──────── Recorded information ────────
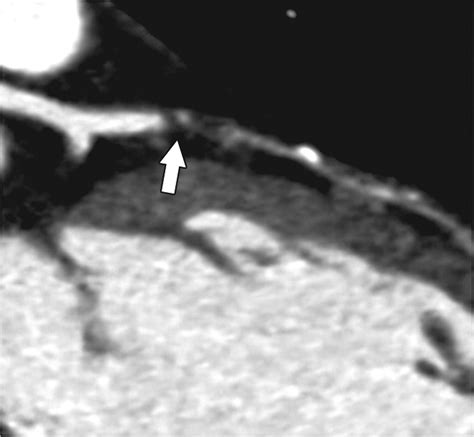 Ct Of Coronary Artery Disease Radiology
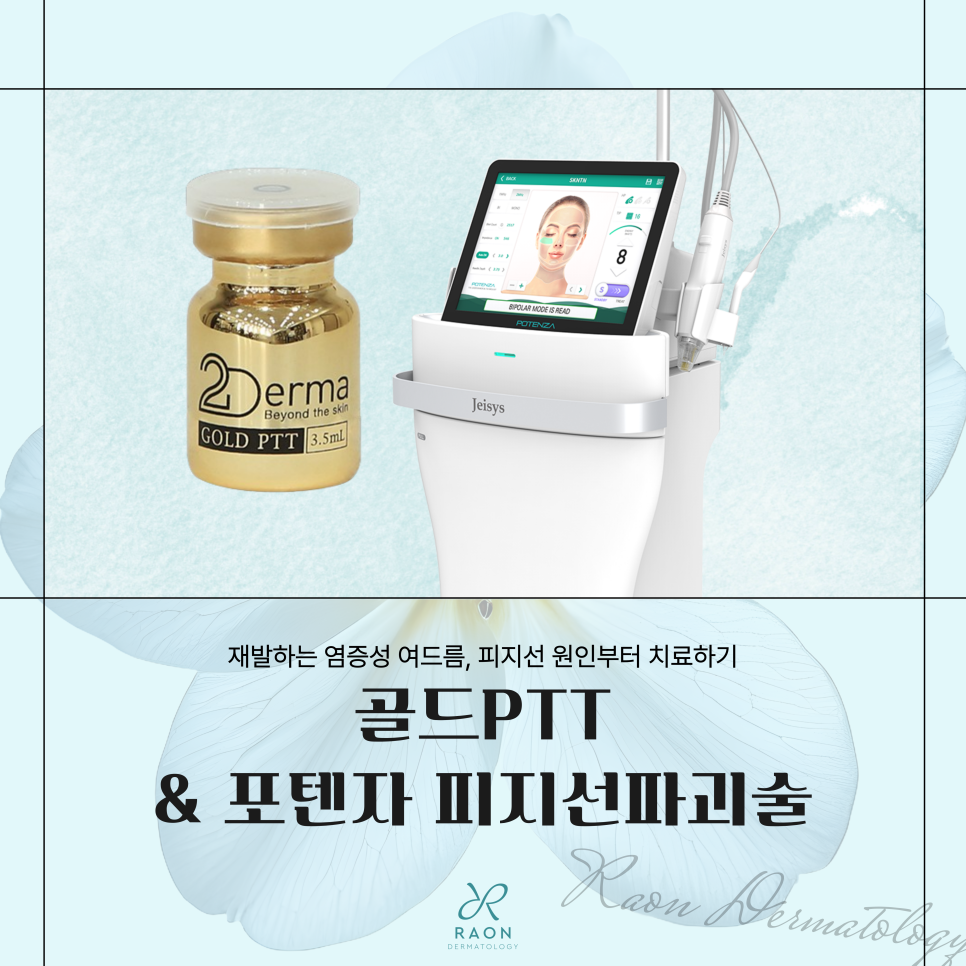 답십리 피부과 염증성 여드름 자꾸만 재발한다면? 피지선 파괴술 & 골드PTT 치료 관련 이미지 1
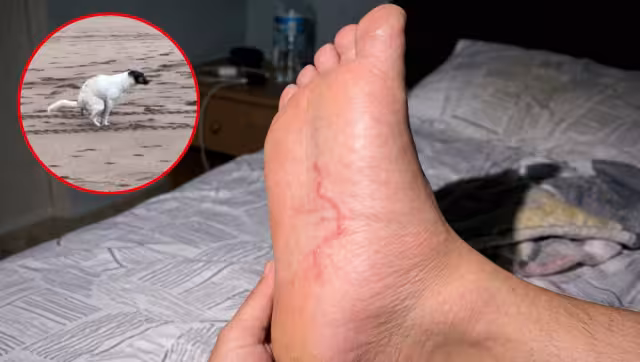 Es importante acudir al médico para confirmar el diagnóstico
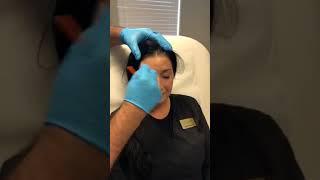Dysport Injection to Fix the "11's" Live by Dr. G @ CAMI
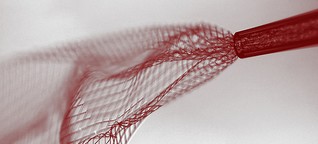 Nanotechnologie: Elektrodennetz ins Hirn gespritzt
────────
● Work order
An exact reproduction of the data is needed, with no pictures included.

● Result
 Ct Of Coronary Artery Disease Radiology
 답십리 피부과 염증성 여드름 자꾸만 재발한다면? 피지선 파괴술 & 골드PTT 치료 관련 이미지 1
 Es importante acudir al médico para confirmar el diagnóstico
Dysport Injection to Fix the "11's" Live by Dr. G @ CAMI
 Nanotechnologie: Elektrodennetz ins Hirn gespritzt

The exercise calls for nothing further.